The Lullaby Trust (2019) recommends a room temperature between 16°C to 20°C for your baby, which can be tricky in hot weather. To help the room cool down, open the windows and doors, I also use a fan, making sure that it’s not pointing directly at baby. I also only let Jonas sleep in his nappy with a sleeping bag on as you can always add blankets if the night comes in cooler. On the other side of the coin babies shouldn’t wear a hat to sleep in even if it is in the thick of those chilly winter months, this,is because they maintain their temperature through their heads.
Weaning al fresco on a blanket in the summer can be fun and is easier to clean up afterward). If you’re making your own baby food from seasonal produce, the time of year they are ready to wean in might mean you can offer them an abundance of ripe summer fruit or comforting root vegetables. Their first tastes won’t dictate their preferences for life, so just offer your baby a variety of tasty seasonal fruit and veg alongside starch and protein.

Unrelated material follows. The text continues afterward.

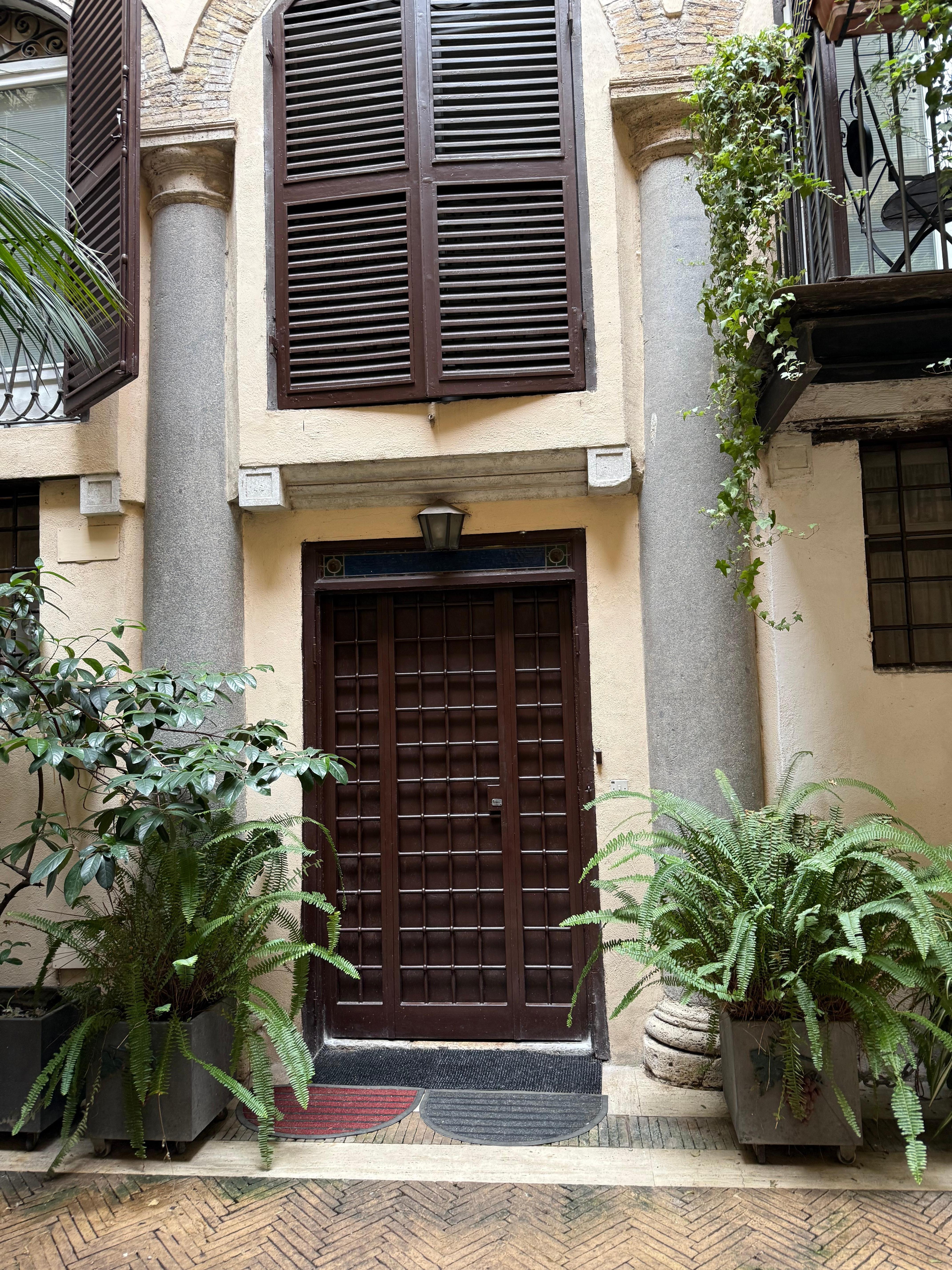 Entrance from the garden area to the room.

You might think potty training in warmer weather sounds preferable, compared to wet legs and tears in November and it probably is, to be honest!
Summer birthday parties with paddling pools and outside entertainment are certainly easier to manage than a bunch of crazy children inside your house in the winter, I’ve also found that most places to visit for a little ones birthday in the winter months proves difficult as most places close down for the off season. Regardless, you can’t predict the British weather.
Some people may not agree with me here but from my experience summer-born babies (Hamish) may need some extra support at school, as children born in July or August tend to perform less well than their autumn and winter-born peers. This is not because they’re less intelligent, simply because they are nearly a whole year younger. I E been reassured not to worry too much though, as the gap shrinks in secondary school and has shortened even further by the time they are 16.
Whatever season your baby is born in; there are many joys and challenges. Some parents love the long lazy days and buzz of the summer. Others will tell you that hibernating with a winter baby is the best thing ever. Either way, enjoy it. And remember, you can still have summer strolls and winter cuddles with a six-month old.
Much love Rebecca
This was so refreshing to read for me, a 65 year old, retired Kindergarten teacher, mother of 2. My sons were both born in spring, as I got my fertility wish to get pregnant in late summer and avoid being pregnant then. So I don’t have all these other perspectives! Your voice is a breath of fresh air every time, thanks!